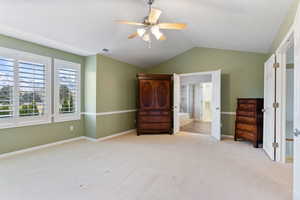 Unfurnished bedroom with ceiling fan, ensuite bathroom, light carpet, and vaulted ceiling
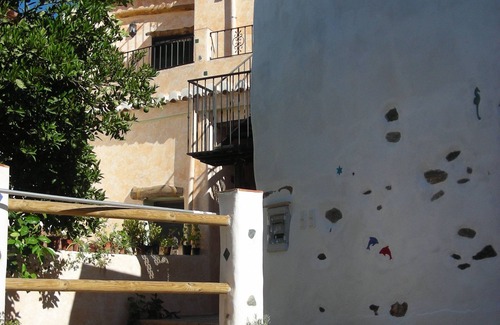 Orgiva House | Quiet village house, central and comfortable with garden and heated pool, garage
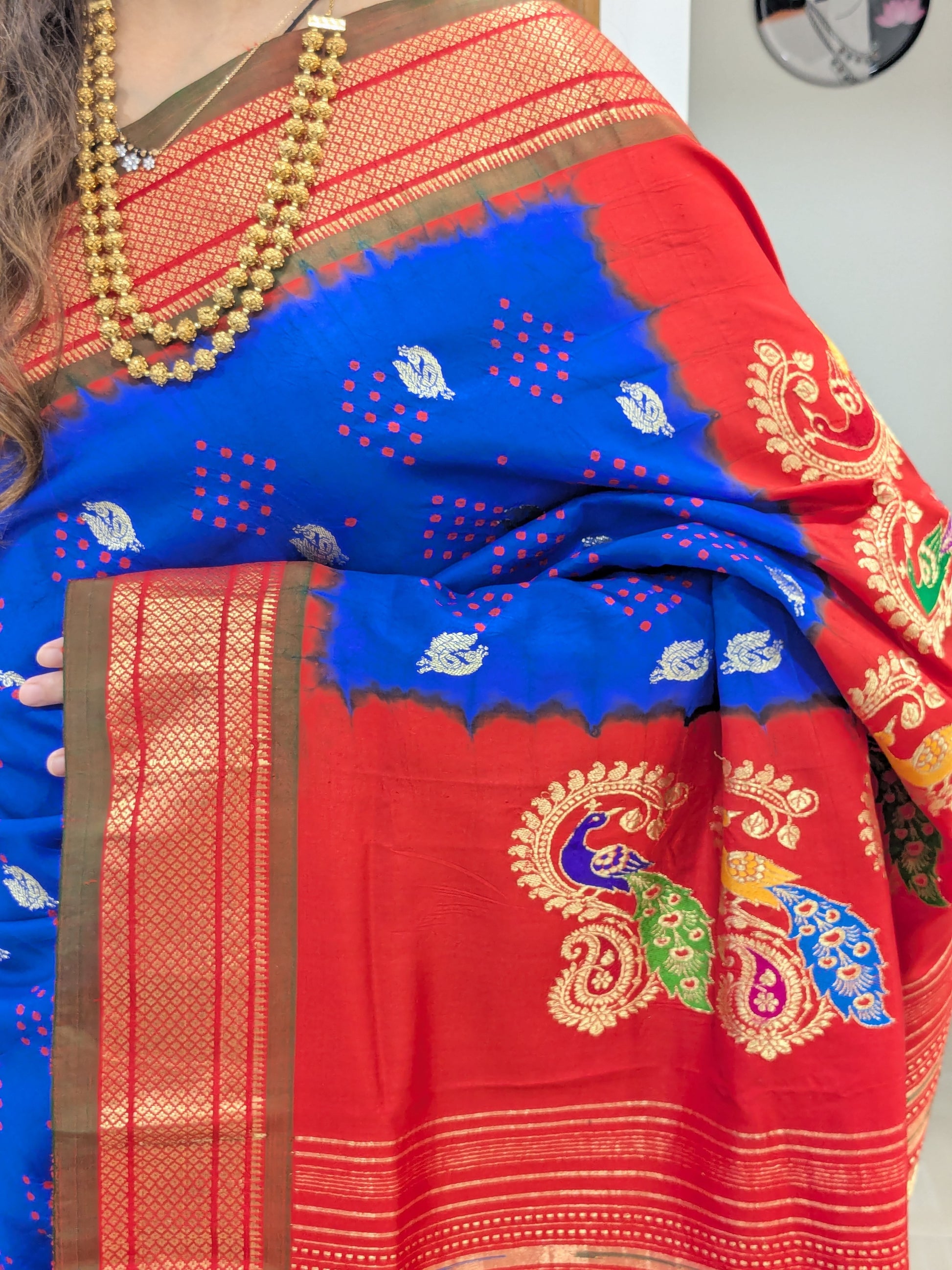 Close-up of royal blue pure silk Paithani with bandhani pattern, peacock butti, and Narali border.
━━━━━━━━━━━━━━━━━━━━━━━━━━━━━━
What you are asked to do: Every line of the listing should be repeated exactly; no picture should appear.

Completed task:
 Unfurnished bedroom with ceiling fan, ensuite bathroom, light carpet, and vaulted ceiling
 Orgiva House | Quiet village house, central and comfortable with garden and heated pool, garage
 Close-up of royal blue pure silk Paithani with bandhani pattern, peacock butti, and Narali border.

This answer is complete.